Glenys Sugerman, the FPA’s Executive Secretary, recalled the eve of the pullout. “Basically, the army didn’t want coverage,” Sugerman says. “They said the presence of journalists in the Qatif Bloc after Aug. 15 would be illegal,” Sugerman says. “Anyone moving between the settlements would be shot.” In practice, however, no one was intercepted. In fact, there were no casualties.
The military commander, Brig. Gen. Dan Harel, and the Israeli Defense Forces spokesperson, Brig. Miri Regev, insisted that if they agreed to admit journalists once the pullout began, they would have to know where they were at all times.
However, this rule soon proved to be counterproductive. At the political level, the Israeli authorities realized they could be doing something to win goodwill, even admiration, from local and foreign media audiences and improve their image worldwide.
The IDF held to the mistaken view that 70 percent of the journalists covering the evacuation would be Israeli and only 30 percent foreign. Accommodations and arrangements for the media would be based on that ratio. For example, seats on the shuttle buses from the ad hoc media center were the only means by which journalists could access the area.
Several TV personalities were embedded with local families. At first, relations were strained, but eventually, the settlers changed their attitude.

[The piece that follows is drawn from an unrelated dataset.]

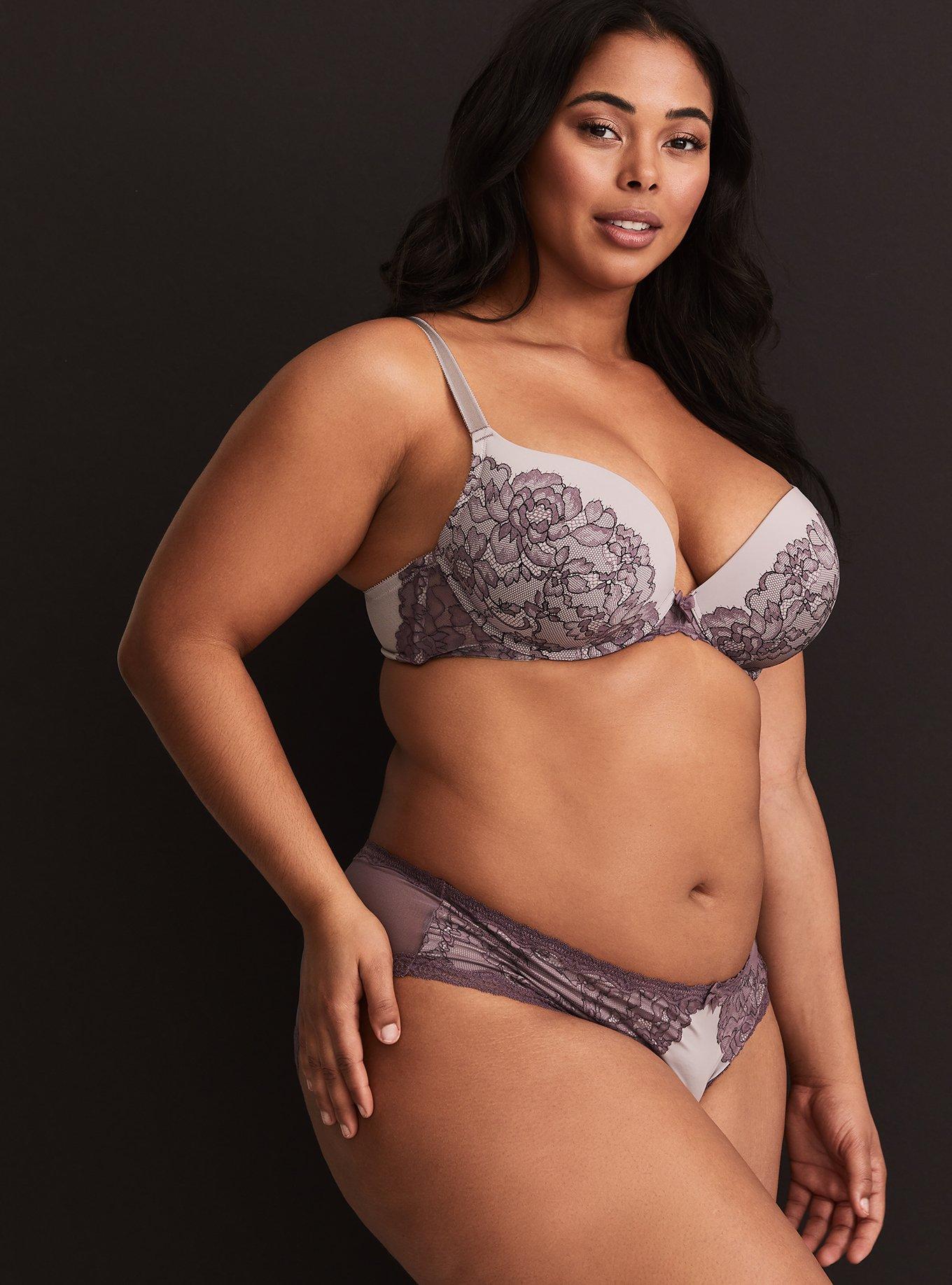 Plus Size Black Plum Floral Push Up Plunge bra, DITSY SKULL, alternate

When Scott Wilson of The Washington Post began coverage early on he found that coverage was easy. “There was a tremendous amount of access and I was able to witness firsthand the soldiers and settlers,” Wilson says.
Other journalists, however, were more critical of the IDF. Stephen Farrell of The Times described the conditions that prevailed at the outset as “extremely rigorous.” The situation improved after the violent resistance at the once-elegant hotel erected in the Qatif Bloc.

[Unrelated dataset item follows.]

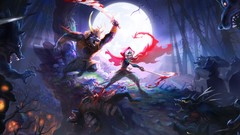 Moon blood fight samurai Wolves armor funny Swords artwork red 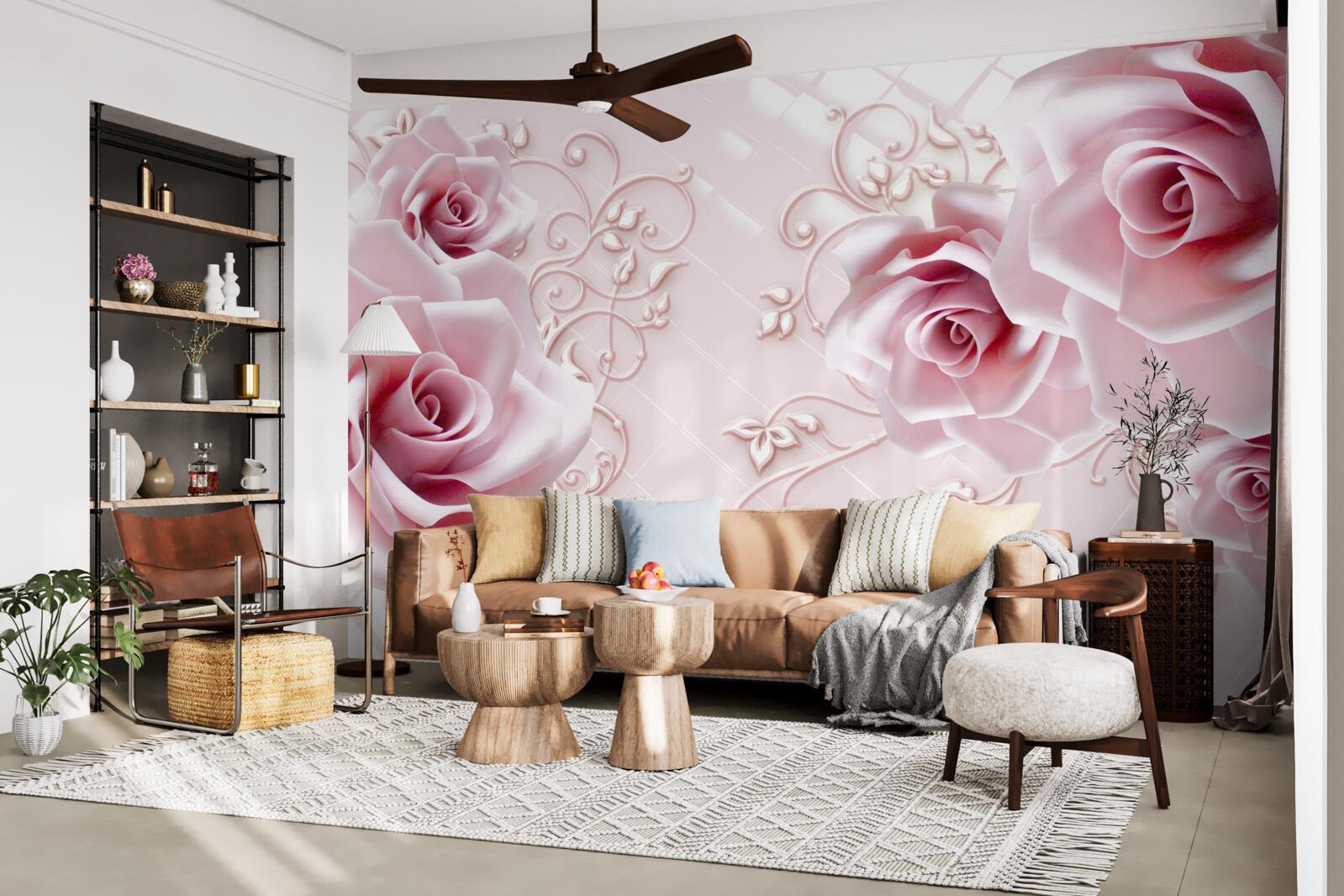 Fototapeten Weiche rosa Rosenknospen mit Gold bestreut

“The government then realized that it had a public relations problem,” Farrell says. He was told by a general that Israel wanted the settlers to protest their removal, if only to prove to the outside world that their departure was not a simple matter.

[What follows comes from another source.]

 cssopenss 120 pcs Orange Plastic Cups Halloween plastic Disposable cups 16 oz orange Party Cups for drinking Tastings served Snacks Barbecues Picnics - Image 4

As it turned out, the settlers and their supporters who infiltrated the Gaza Strip resisted their own initiative. In Kfar Darom, for example, they fought pitched battles with the oncoming troops until they were overcome and physically carried away.
Farrell also arranged for concurrent coverage of the Gaza Strip’s preponderant Palestinian sectors. He stationed a reporter at Khan Younis, he says, referring to the impoverished town that overlooked the relatively posh settlements. Several of the major news organizations kept up a simultaneous flow of information from Gaza City. Some correspondents moved between the two sides, but this was time-consuming and inconvenient, mainly because of the delays caused by heavy Israeli security at the Erez Checkpoint (entering and leaving the Gaza Strip) and the dicey situation in Gaza, Khan Younis and other cities where armed Palestinian extremists posed a constant threat.
Indeed, it was a large and meticulous military operation, which Gen. Harel completed without any loss of life and few injuries. The logistics were awesome, but the results were faultless.
The construction projects designed to absorb the Strip’s unemployed labor force still are on the drawing boards, but funding and implementation were put into limbo when the Islamic extremist Hamas movement won the Palestinian Authority’s parliamentary election in January. Financial support has been reduced, and as a result, working as a journalist in the Strip has changed profoundly since the Israeli settlers’ removal.
Correspondents and photographers working there must be on the lookout for local terrorists who intermittently kidnap members of the foreign press corps and hold them incommunicado– briefly, so far, and without ransom demands (monetary or political), but that may change. The anarchy and chaos in the Strip after the Israeli pullout have made it an even more dangerous place than it was prior to the settlers’ and soldiers’ evacuation. No journalist wants to be caught in the crossfire.